Now I've two weeks holiday. I think I will reinstall proxmox to have a clean setup. Because also I'm loosing corosync from time to time which I never had on Version 5 and also the gui shows a questionmark on some nodes from time to time but on the cli I see the node is up.

Code:
ls -l /var/lib/ceph/mon
ls: cannot access '/var/lib/ceph/mon': No such file or directory

ls /etc/systemd/system/ceph-mon.target.wants/
ceph-mon@pve-node3.service

systemctl disable ceph-mon@pve-node3.service
Removed /etc/systemd/system/ceph-mon.target.wants/ceph-mon@pve-node3.service.
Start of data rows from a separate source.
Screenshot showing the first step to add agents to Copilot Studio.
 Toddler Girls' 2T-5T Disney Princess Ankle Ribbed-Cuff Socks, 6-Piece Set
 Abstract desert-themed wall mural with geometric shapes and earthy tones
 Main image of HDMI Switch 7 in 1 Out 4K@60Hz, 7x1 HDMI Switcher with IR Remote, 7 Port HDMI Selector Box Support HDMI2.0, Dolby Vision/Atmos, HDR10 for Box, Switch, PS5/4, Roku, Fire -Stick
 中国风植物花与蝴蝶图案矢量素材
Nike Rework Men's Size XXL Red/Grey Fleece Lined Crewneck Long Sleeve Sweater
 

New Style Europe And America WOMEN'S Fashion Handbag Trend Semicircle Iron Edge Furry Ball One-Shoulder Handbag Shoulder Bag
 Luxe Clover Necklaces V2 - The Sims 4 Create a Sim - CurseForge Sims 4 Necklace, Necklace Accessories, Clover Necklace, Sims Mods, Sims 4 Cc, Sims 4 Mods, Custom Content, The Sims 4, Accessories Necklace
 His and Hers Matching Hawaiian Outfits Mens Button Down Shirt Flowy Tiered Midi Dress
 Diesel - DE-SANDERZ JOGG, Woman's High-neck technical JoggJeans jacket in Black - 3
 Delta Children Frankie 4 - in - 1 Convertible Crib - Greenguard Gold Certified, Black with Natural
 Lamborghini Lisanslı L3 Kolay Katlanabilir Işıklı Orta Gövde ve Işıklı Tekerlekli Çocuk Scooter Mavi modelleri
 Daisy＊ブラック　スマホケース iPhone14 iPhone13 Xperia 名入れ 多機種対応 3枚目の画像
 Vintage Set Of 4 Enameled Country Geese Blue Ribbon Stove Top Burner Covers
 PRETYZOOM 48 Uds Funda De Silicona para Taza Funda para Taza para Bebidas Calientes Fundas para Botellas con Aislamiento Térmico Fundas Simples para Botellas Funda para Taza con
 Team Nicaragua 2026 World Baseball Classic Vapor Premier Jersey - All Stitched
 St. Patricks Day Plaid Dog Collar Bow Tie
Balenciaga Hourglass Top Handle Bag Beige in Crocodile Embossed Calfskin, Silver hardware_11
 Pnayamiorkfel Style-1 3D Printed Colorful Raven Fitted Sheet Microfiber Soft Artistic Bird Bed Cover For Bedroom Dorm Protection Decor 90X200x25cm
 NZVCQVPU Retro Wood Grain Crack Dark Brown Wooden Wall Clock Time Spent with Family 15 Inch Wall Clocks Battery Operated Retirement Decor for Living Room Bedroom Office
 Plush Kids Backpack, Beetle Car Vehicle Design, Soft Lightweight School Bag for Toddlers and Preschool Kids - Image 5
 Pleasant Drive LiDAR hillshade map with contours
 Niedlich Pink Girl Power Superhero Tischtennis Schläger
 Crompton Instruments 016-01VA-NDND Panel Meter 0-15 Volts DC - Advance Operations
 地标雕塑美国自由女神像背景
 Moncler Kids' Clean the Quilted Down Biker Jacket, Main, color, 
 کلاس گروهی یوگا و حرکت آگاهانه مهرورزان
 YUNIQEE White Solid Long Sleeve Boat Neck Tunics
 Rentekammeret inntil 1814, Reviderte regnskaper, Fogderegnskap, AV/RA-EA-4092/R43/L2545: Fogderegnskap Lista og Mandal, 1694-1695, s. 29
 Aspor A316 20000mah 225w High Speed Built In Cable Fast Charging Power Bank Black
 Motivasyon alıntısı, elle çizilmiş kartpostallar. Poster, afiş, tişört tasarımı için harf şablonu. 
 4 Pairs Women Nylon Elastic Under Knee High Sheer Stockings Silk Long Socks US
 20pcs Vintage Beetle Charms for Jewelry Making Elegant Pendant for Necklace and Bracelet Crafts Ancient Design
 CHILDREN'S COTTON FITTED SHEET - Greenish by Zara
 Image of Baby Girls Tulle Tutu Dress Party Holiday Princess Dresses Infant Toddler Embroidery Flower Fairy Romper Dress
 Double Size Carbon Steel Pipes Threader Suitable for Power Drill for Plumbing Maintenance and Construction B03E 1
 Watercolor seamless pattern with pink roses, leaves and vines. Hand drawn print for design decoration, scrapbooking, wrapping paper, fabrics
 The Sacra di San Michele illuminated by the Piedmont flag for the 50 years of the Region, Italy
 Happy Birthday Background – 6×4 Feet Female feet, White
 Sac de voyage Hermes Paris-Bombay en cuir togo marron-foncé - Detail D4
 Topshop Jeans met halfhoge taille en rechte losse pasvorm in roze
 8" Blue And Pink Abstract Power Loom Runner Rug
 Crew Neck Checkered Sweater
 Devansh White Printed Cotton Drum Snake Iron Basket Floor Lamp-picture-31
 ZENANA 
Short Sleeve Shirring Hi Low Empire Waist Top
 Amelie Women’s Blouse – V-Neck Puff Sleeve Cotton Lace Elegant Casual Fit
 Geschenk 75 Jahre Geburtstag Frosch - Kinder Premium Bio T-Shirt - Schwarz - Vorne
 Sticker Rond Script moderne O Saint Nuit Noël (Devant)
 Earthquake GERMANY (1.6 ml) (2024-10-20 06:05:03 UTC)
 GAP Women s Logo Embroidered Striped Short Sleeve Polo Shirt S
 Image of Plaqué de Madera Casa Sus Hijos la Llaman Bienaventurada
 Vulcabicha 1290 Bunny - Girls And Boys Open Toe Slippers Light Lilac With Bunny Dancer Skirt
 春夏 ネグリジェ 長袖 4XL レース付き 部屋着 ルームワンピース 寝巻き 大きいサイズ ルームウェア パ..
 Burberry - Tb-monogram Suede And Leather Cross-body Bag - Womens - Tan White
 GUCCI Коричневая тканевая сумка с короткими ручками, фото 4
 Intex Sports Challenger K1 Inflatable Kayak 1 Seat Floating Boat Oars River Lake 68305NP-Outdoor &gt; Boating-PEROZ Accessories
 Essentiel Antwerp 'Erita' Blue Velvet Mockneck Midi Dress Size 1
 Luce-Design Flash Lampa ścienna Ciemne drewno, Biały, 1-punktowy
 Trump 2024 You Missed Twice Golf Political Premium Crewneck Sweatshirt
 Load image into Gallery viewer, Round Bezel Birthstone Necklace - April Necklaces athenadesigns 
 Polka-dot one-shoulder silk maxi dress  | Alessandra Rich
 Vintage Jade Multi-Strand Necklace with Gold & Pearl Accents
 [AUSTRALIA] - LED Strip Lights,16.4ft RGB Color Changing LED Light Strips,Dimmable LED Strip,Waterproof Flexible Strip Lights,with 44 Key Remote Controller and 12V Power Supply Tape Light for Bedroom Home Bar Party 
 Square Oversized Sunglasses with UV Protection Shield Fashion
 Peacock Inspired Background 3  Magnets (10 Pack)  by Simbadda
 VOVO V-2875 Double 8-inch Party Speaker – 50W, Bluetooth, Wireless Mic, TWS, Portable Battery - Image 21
ls /etc/systemd/system/ceph-mon.target.wants/
ls: cannot access '/etc/systemd/system/ceph-mon.target.wants/': No such file or directory

pveceph init --network 10.1.1.0/24
creating /etc/pve/priv/ceph.client.admin.keyring

pveceph createmon
unable to get monitor info from DNS SRV with service name: ceph-mon
creating /etc/pve/priv/ceph.mon.keyring
importing contents of /etc/pve/priv/ceph.client.admin.keyring into /etc/pve/priv/ceph.mon.keyring
chown: cannot access '/var/lib/ceph/mon/ceph-pve-node3': No such file or directory
error with cfs lock 'file-ceph_conf': command 'chown ceph:ceph /var/lib/ceph/mon/ceph-pve-node3' failed: exit code 1

mkdir -p /var/lib/ceph/mon

pveceph createmon
unable to get monitor info from DNS SRV with service name: ceph-mon
monmaptool: monmap file /tmp/monmap
monmaptool: generated fsid 4d72e5e9-4e59-4875-a27f-ff273a9c007f
epoch 0
fsid 4d72e5e9-4e59-4875-a27f-ff273a9c007f
last_changed 2019-09-14 11:36:10.961149
created 2019-09-14 11:36:10.961149
min_mon_release 0 (unknown)
0: [v2:10.9.9.13:3300/0,v1:10.9.9.13:6789/0] mon.pve-node3
monmaptool: writing epoch 0 to /tmp/monmap (1 monitors)
Created symlink /etc/systemd/system/ceph-mon.target.wants/ceph-mon@pve-node3.service -> /lib/systemd/system/ceph-mon@.service.
creating manager directory '/var/lib/ceph/mgr/ceph-pve-node3'
creating keys for 'mgr.pve-node3'
unable to open file '/var/lib/ceph/mgr/ceph-pve-node3/keyring.tmp.2235636' - No such file or directory

pveceph createmgr
creating manager directory '/var/lib/ceph/mgr/ceph-pve-node3'
creating keys for 'mgr.pve-node3'
unable to open file '/var/lib/ceph/mgr/ceph-pve-node3/keyring.tmp.2235958' - No such file or directory
 
  • Like
Reactions: G0ldmember
with full new installed latest pve6, this problem remains.

first setup ceph with:
pveceph init --network 10.0.115.0/24 -disable_cephx 1
pveceph mon create
...
it's normal,

and delete all ceph to continue testing..
resetup new ceph cluster with:

pveceph init --network 10.0.115.0/24 -disable_cephx 1
pveceph mon create
unable to get monitor info from DNS SRV with service name: ceph-mon
...
it won't work!

now, i'm not use this parameter. it's all ok, and won't reinstall pve6 again!
 
Last edited:
@lynn_yudi, what is in the ceph config when the 'unable to get monitor info' shows up?
 
@lynn_yudi, what is in the ceph config when the 'unable to get monitor info' shows up?

pveceph init --network 10.0.115.0/24 -disable_cephx 1

for ceph.conf
Bash:
# cat ceph.conf
[global]
         auth_client_required = none
         auth_cluster_required = none
         auth_service_required = none
         cluster_network = 10.0.115.0/24
         fsid = 554ee1fe-8a40-44bf-9c54-2db323aa89ea
         mon_allow_pool_delete = true
         mon_host = 10.0.115.15 10.0.115.11 10.0.115.13
         osd_pool_default_min_size = 2
         osd_pool_default_size = 3
         osd_crush_update_on_start = false
         public_network = 10.0.115.0/24

and
# pveceph mon create
unable to get monitor info from DNS SRV with service name: ceph-mon

sorry, I forgot if it was this message(above)

but it's not going to work.
 
There seems to be some leftover. After you purged Ceph, is /var/lib/ceph/ empty? And is there no ceph.conf anymore?